How to complete this task: In the listing below, locate the line with "The following video" and the line with "Honestly, who comes", then output both and everything between them exactly, minus any pictures.

Recorded information:
____

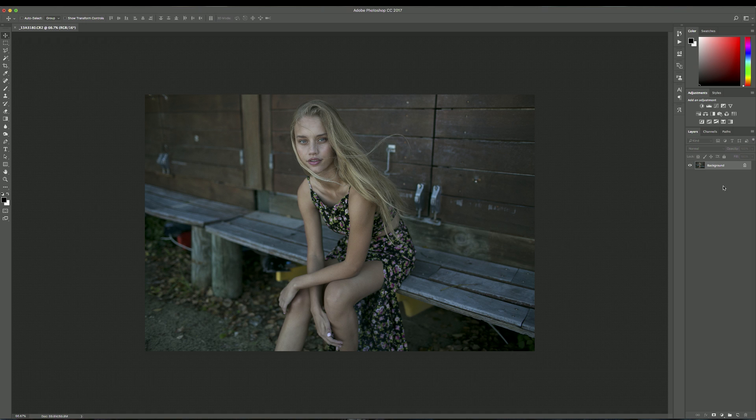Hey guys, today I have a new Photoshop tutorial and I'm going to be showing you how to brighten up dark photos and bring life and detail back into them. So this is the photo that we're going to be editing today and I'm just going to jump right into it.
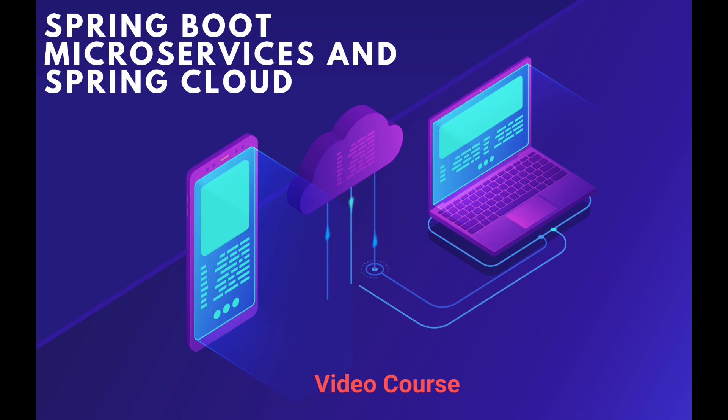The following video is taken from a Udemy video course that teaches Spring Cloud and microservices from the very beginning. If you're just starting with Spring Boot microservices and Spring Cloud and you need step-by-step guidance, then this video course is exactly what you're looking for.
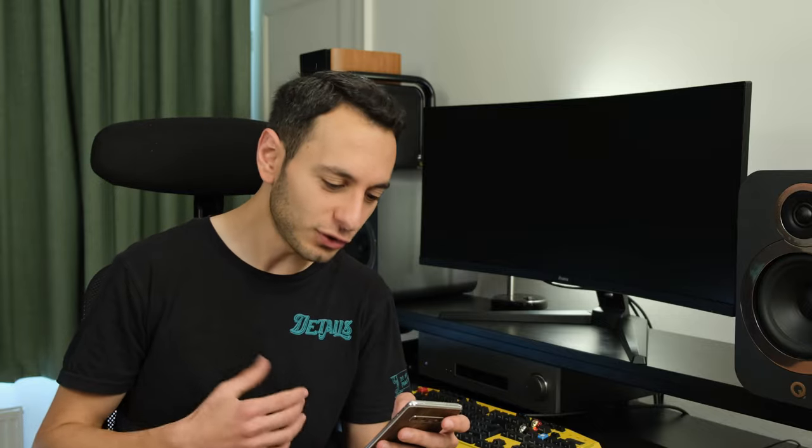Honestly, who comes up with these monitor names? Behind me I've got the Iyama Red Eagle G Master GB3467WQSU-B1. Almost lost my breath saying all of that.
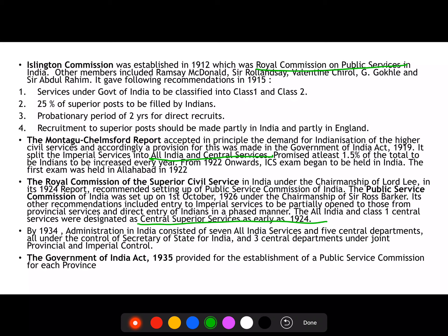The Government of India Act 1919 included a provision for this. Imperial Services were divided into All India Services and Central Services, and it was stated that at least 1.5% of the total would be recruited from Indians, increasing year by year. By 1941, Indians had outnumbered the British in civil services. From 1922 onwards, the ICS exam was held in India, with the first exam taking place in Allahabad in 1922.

____

Solution for this exercise:
The following video is taken from a Udemy video course that teaches Spring Cloud and microservices from the very beginning. If you're just starting with Spring Boot microservices and Spring Cloud and you need step-by-step guidance, then this video course is exactly what you're looking for.
Honestly, who comes up with these monitor names? Behind me I've got the Iyama Red Eagle G Master GB3467WQSU-B1. Almost lost my breath saying all of that.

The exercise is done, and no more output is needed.